→ WORK ITEM
Would you repeat the whole listing exactly, pictures excluded?

→ DATA TO USE
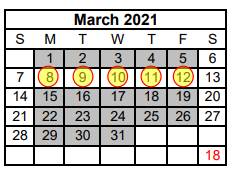 District School Academic Calendar for China Spring Elementary for March 2021
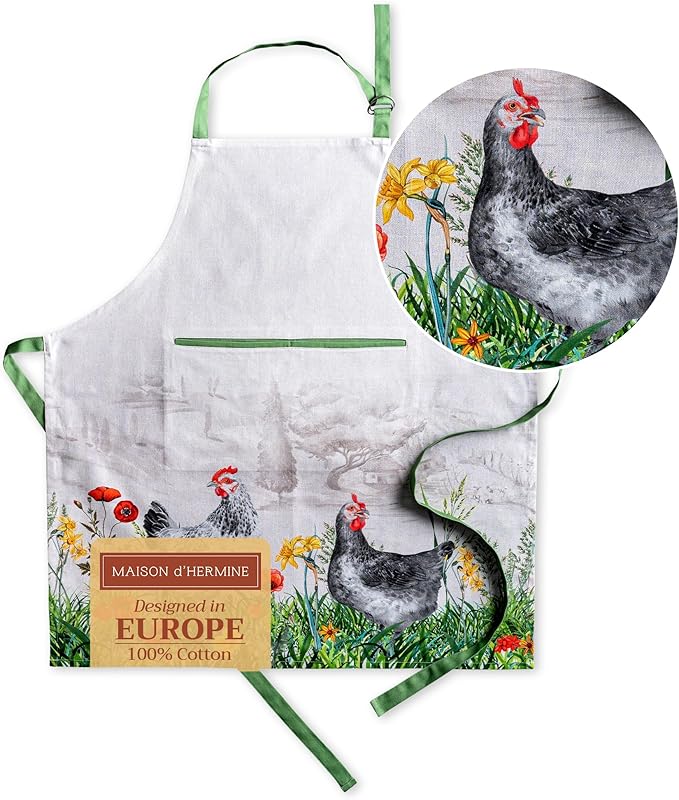 Maison d' Hermine 100% Cotton Apron for women with Pocket Kitchen Chef Apron for Men Cooking Gardening Server Waitress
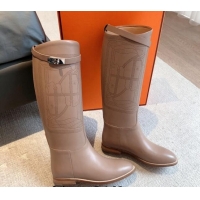 Top Grade Hermes Jumping High Flat Boots in Logo Perforated Calfskin with Kelly Buckle Grey 907008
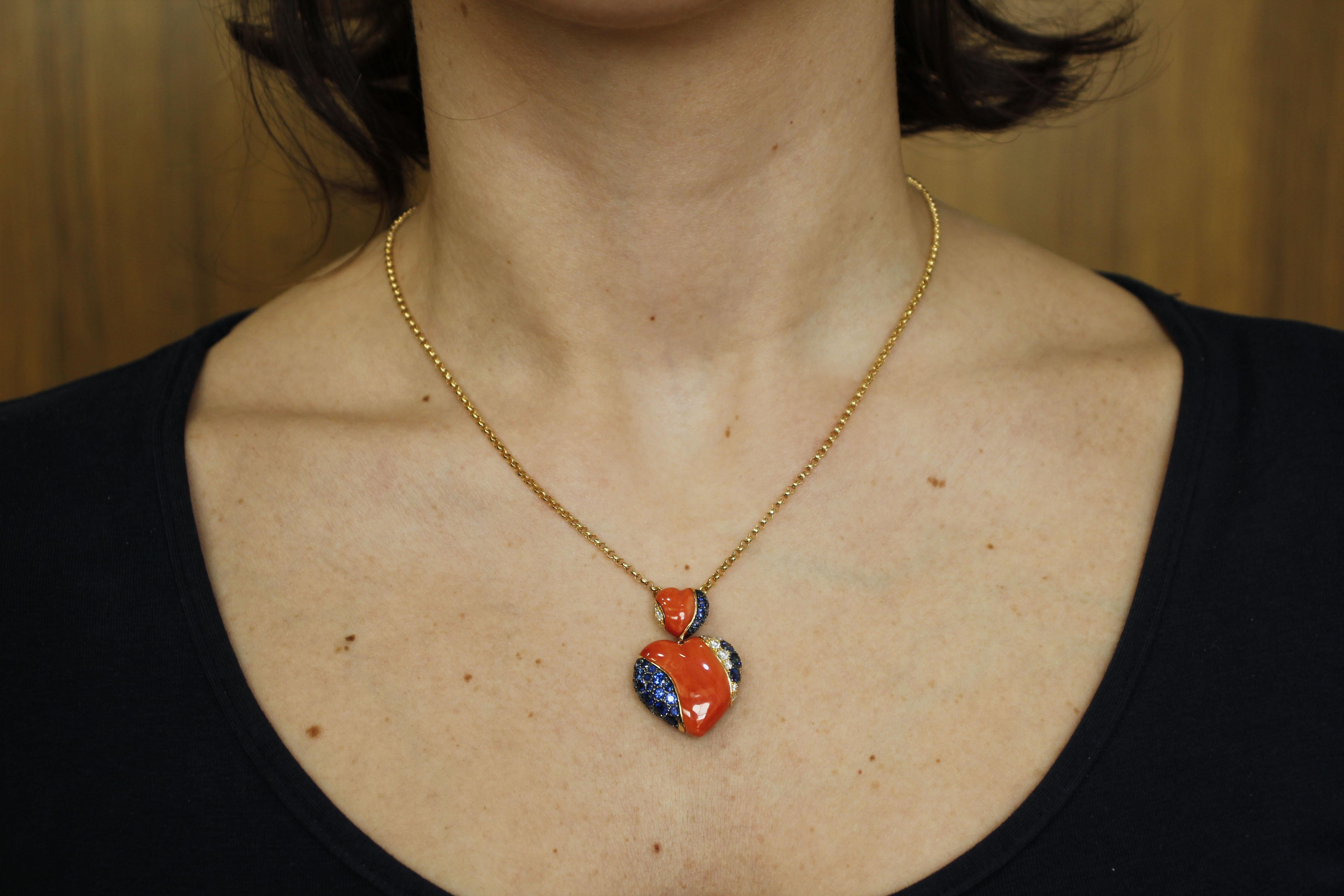 18K Gold Chain Necklace with Red Coral, Diamonds & Sapphire Heart Pendant 1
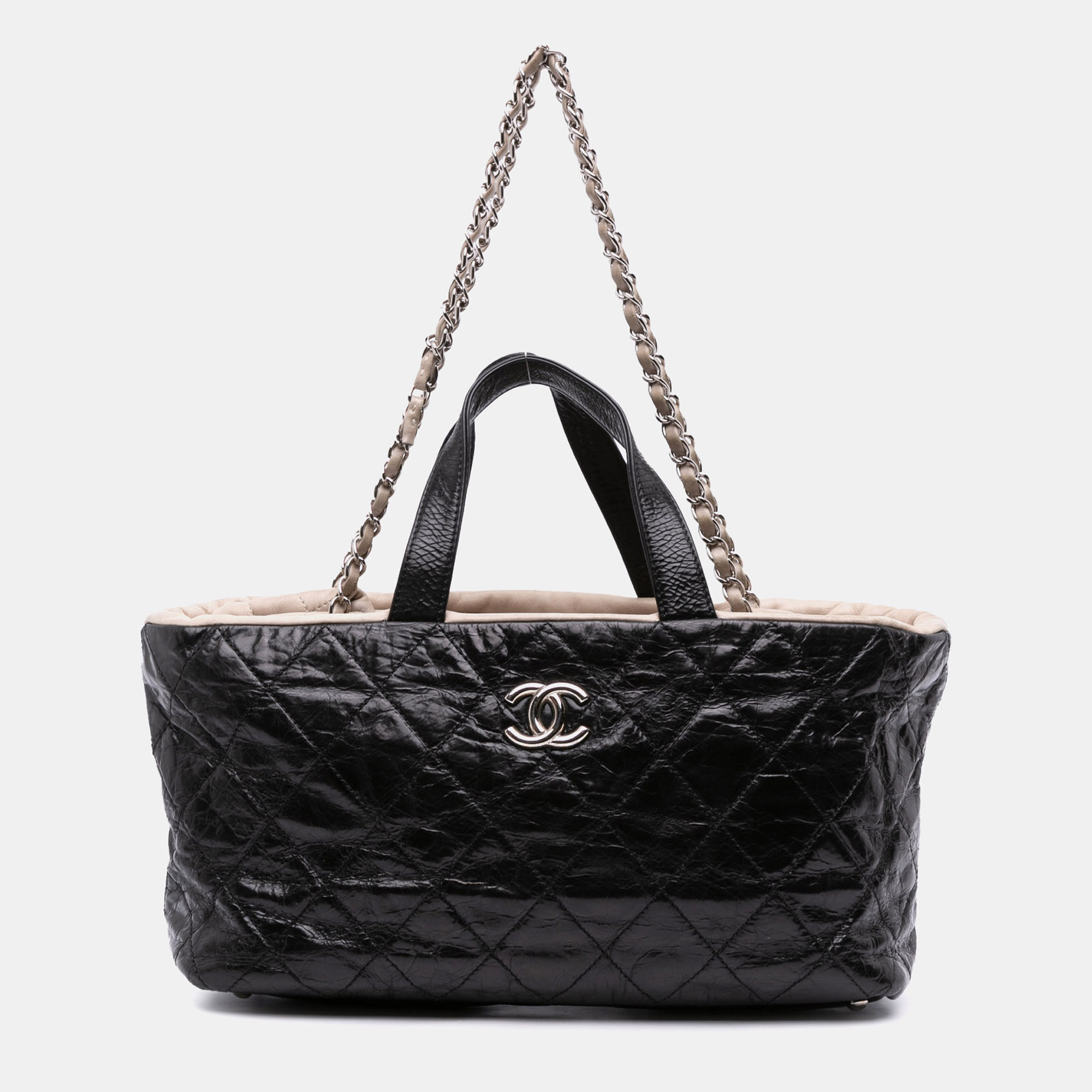 

Chanel Black CC Quilted Glazed Calfskin Portobello Tote
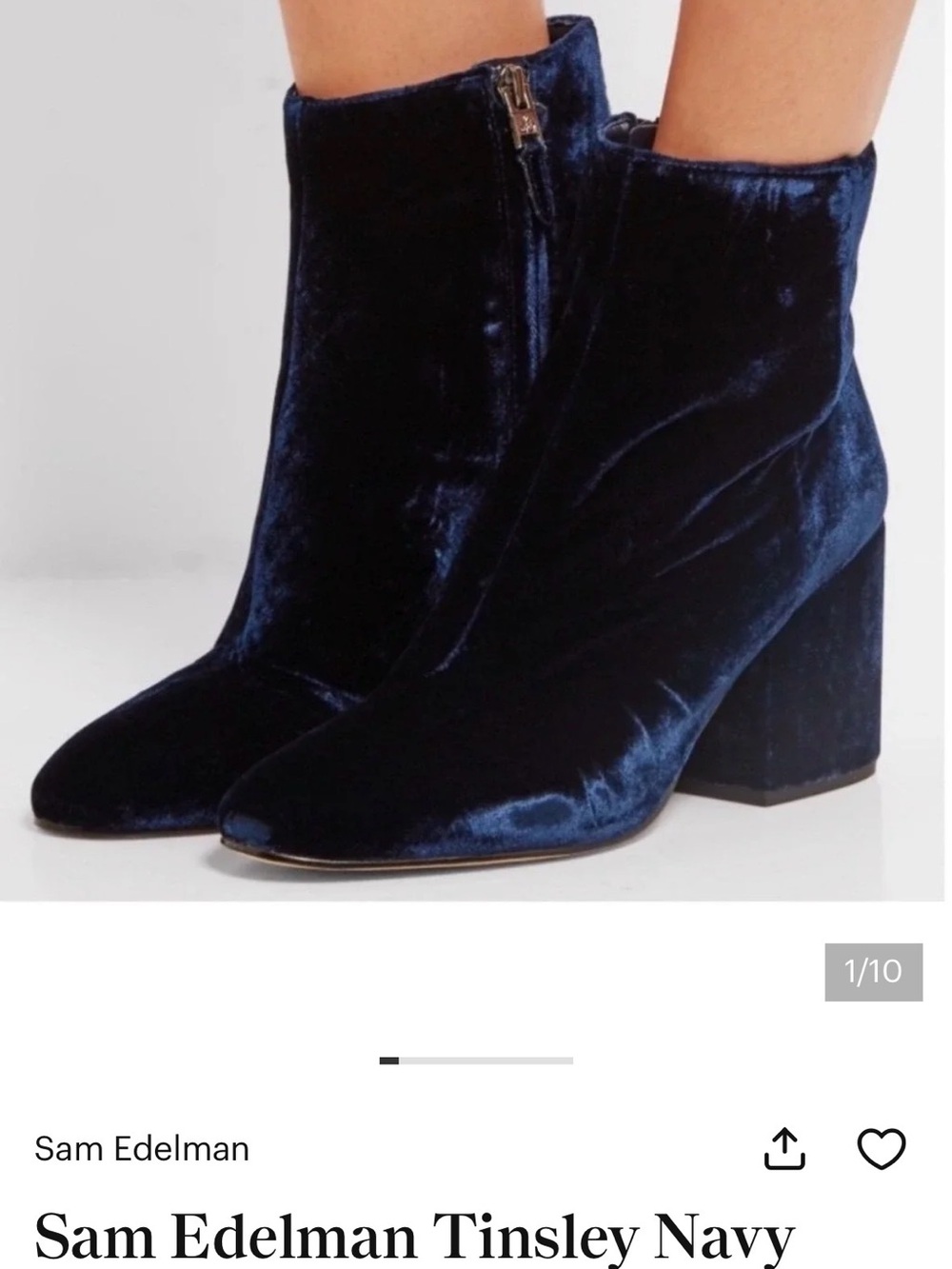 Sam Edelman Tinsley Velvet Ankle Boots - Dark Navy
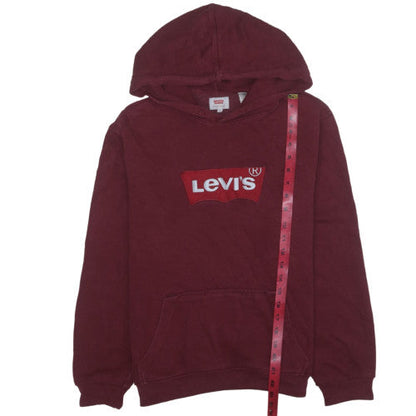 Levi's Men's Red Pullover Hoodie M Regular Fit Fleece Logo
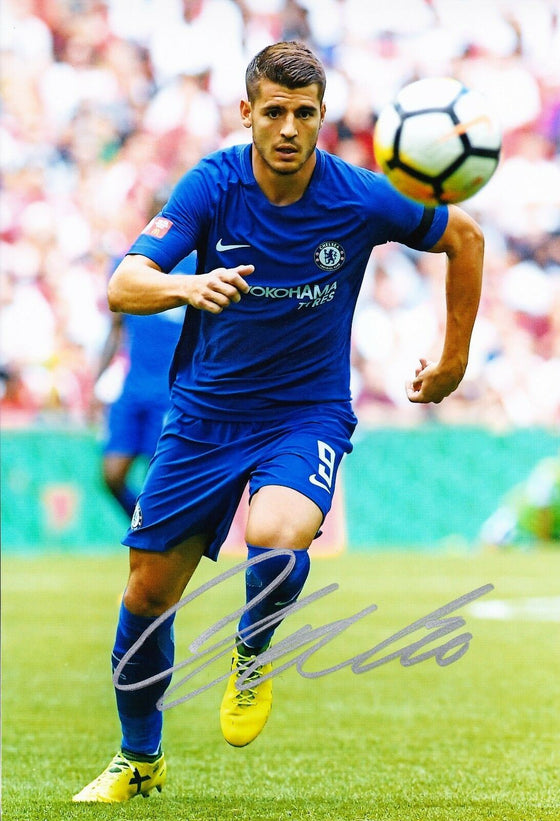 Alvaro Morata Signed 12X8 Photo Chelsea F.C. Genuine Signature AFTAL COA (9104)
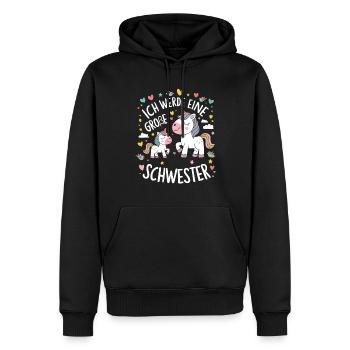 Ich werde eine große Schwester Einhorn - Männer Premium Bio Hoodie - Schwarz - Vorne - Nico (187cm)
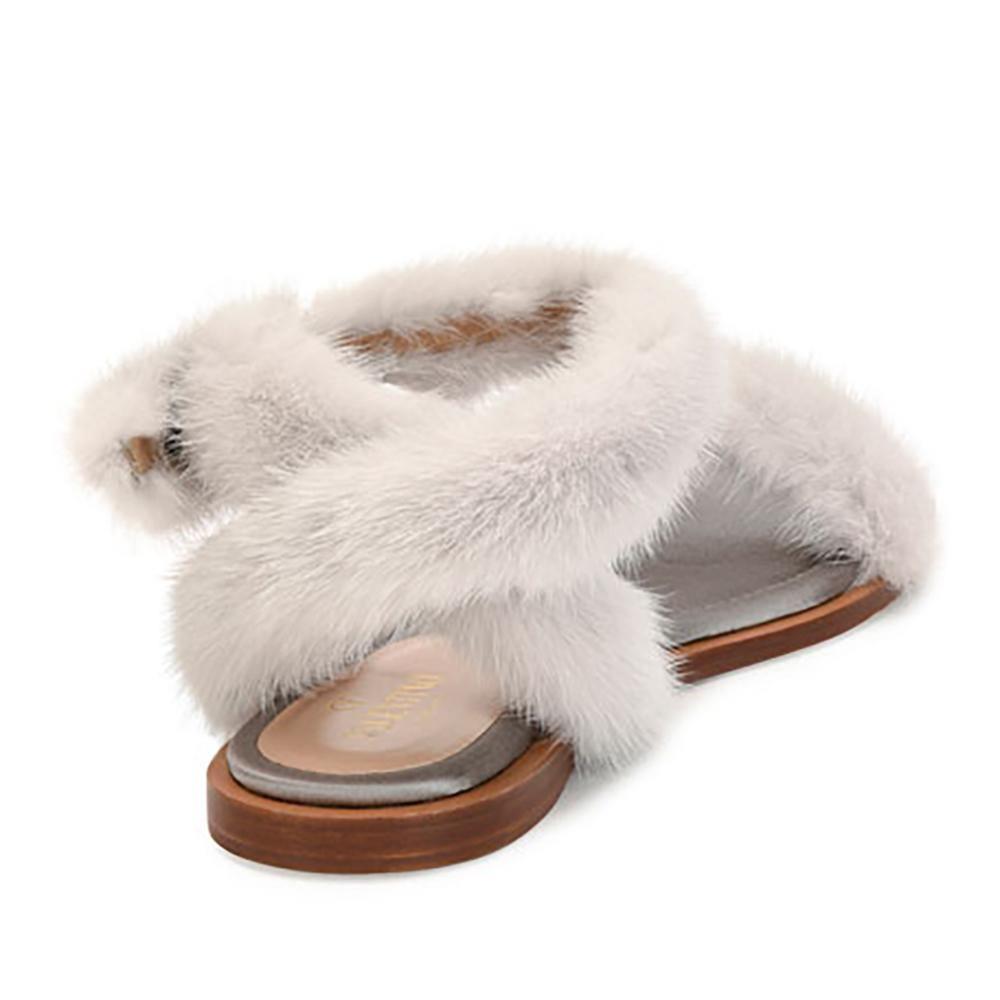 Valentino Women's Mink Fur Leather Ankle-Strap Flat Sandals Grey - Year Zero LA
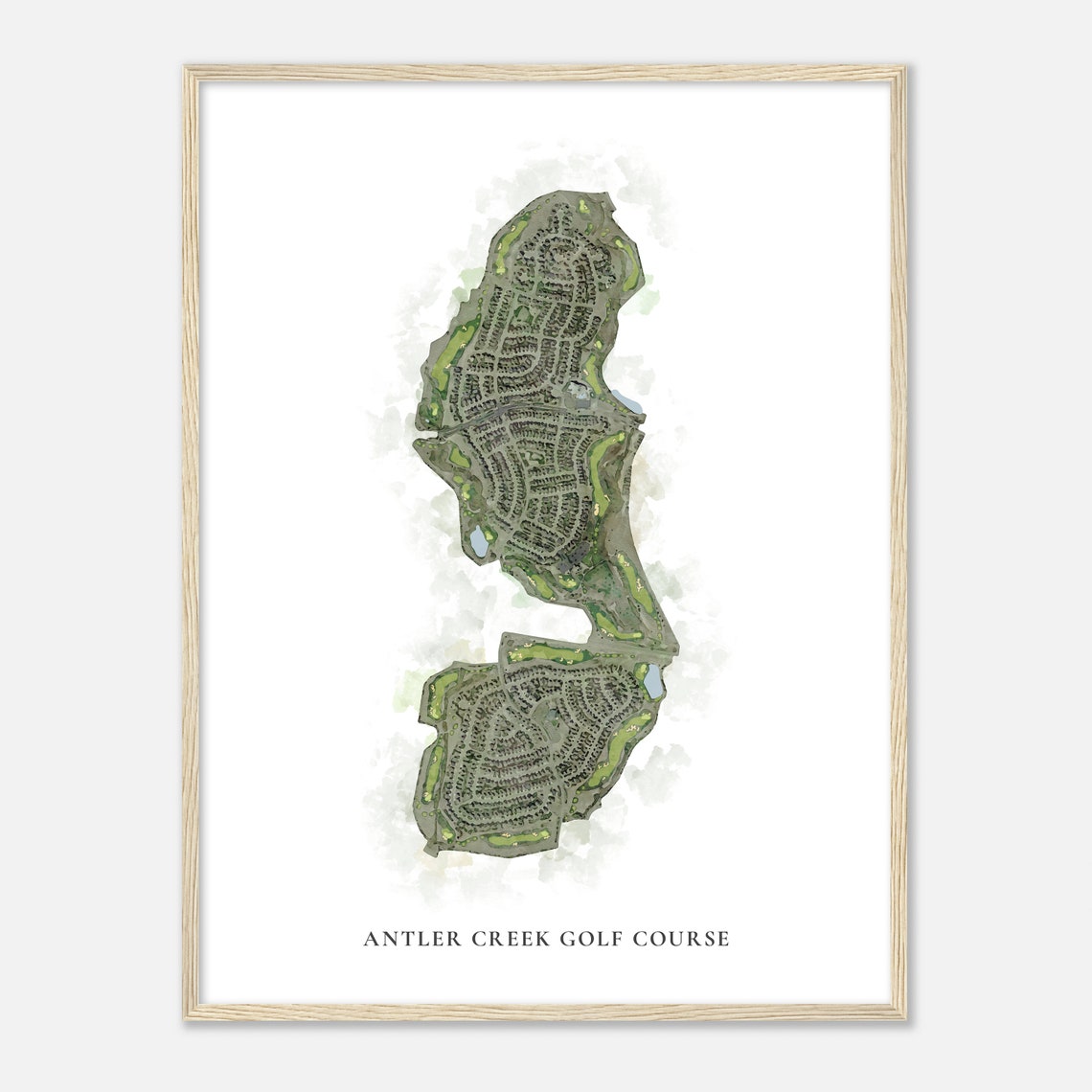 Antler Creek Golf Course Classic Watercolor Golf Course Map Poster - Image 2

→ EXERCISE RESULT
 District School Academic Calendar for China Spring Elementary for March 2021
 Maison d' Hermine 100% Cotton Apron for women with Pocket Kitchen Chef Apron for Men Cooking Gardening Server Waitress
 Top Grade Hermes Jumping High Flat Boots in Logo Perforated Calfskin with Kelly Buckle Grey 907008
 18K Gold Chain Necklace with Red Coral, Diamonds & Sapphire Heart Pendant 1

Chanel Black CC Quilted Glazed Calfskin Portobello Tote
 Sam Edelman Tinsley Velvet Ankle Boots - Dark Navy
 Levi's Men's Red Pullover Hoodie M Regular Fit Fleece Logo
 Alvaro Morata Signed 12X8 Photo Chelsea F.C. Genuine Signature AFTAL COA (9104)
 Ich werde eine große Schwester Einhorn - Männer Premium Bio Hoodie - Schwarz - Vorne - Nico (187cm)
 Valentino Women's Mink Fur Leather Ankle-Strap Flat Sandals Grey - Year Zero LA
 Antler Creek Golf Course Classic Watercolor Golf Course Map Poster - Image 2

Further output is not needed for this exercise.